Среди зарослей диких роз, как дивное видение, предстала перед ним прекрасная девушка в белой одежде. Поблагодарив Яношика за то, что он отогнал пса, сказала девушка, что исполнит любое его желание.
– Силы хочу! – недолго думая, воскликнул Яношик. Неспроста пожелал силы Яношик. Решил он наказать жестоких панов за все те обиды, что причинили они народу.
И дала ему горная дева пояс с волшебным корнем да валашку. В той валашке таилась сила целой сотни человек. И пока оставалась в руках у Яношика та валашка, никто не мог его одолеть.

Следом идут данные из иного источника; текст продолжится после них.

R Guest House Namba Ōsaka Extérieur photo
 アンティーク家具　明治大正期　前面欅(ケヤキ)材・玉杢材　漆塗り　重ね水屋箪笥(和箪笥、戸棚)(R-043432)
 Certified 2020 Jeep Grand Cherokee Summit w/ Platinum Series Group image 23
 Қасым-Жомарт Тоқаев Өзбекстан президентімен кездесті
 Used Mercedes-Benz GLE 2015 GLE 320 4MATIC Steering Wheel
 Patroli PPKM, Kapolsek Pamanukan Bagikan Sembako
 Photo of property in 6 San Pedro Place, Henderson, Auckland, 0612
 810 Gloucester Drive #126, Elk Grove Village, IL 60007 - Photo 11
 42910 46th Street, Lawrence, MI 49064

С той поры начал Яношик мстить за себя и за исстрадавшийся словацкий народ. И прозвали бедняки Яношика и его вольницу добрыми хлопцами. Всюду принимали их, как желанных гостей, а в минуту опасности укрывали в горных шалашах и в деревнях. Когда же ударяли морозы и глубокие снега засыпали горы и долы, Яношик и его молодцы спокойно жили в домах у хозяев под видом работников.
Но лишь только бук начинал распускаться, уходили они в горы на «добычу»…
Не проливал Яношик человеческой крови. И сам не убивал и другим не велел. Нападали они лишь на богатых и сильных.
– Отдавай богу душу, а нам деньги! – кричали хлопцы, угрожающе сверкая оружием.
Чаще всего охотились они за жестокими панами и земанами. Выследив «добычу», Яношик выходил из засады и кричал громовым голосом:
– Поди-ка сюда, пан! Хватит тебе драть семь шкур с крестьян!
Панское добро Яношик делил по числу товарищей, на равные части. Свою долю он либо отдавал бедным и обездоленным, либо прятал в расселинах скал, пещерах и дуплах старых деревьев. Много у него было тайников, где хранились и деньги, и сукна, и разное оружие. Говорят, что немало кремницких дукатов[60] доброй чеканки закопал он в ямы, чтобы не попали они в руки ни панам, ни разбойникам.
59
Десятина — здесь: десятая часть урожая и приплода скота, которую крестьяне обязаны были отдавать помещику.